This commit adds support for a new modifier "P", which requests that the
event, or group of events, be pinned to the PMU.
This is an oft-requested feature from our HW folks, who want to be able
to run a large number of events, but also want 100% accurate results for
instructions per cycle.
Comparison of results with and without pinning:
$ perf stat -e '{cycles,instructions}:P' -e cycles,instructions,...
79,590,480,683 cycles # 0.000 GHz
166,123,716,524 instructions # 2.09 insns per cycle
# 0.11 stalled cycles per insn
79,352,134,463 cycles # 0.000 GHz [11.11%]
165,178,301,818 instructions # 2.08 insns per cycle
# 0.11 stalled cycles per insn [11.13%]
As you can see although perf does a very good job of scaling the values
in the non-pinned case, there is some small discrepancy.
The patch is fairly straight forward, the one detail is that we need to
make sure we only request pinning for the group leader when we have a
group.
Signed-off-by: Michael Ellerman <[email protected]>
---
I would have used "p" obviously, but that's taken.
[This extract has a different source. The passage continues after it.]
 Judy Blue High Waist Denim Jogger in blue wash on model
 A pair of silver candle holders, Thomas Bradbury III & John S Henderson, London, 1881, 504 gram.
Are folks happy that
"P" is sufficiently different from "p"? I couldn't think of anything
better.
---
tools/perf/Documentation/perf-list.txt | 1 +
tools/perf/util/parse-events.c | 9 +++++++++
tools/perf/util/parse-events.l | 2 +-
3 files changed, 11 insertions(+), 1 deletion(-)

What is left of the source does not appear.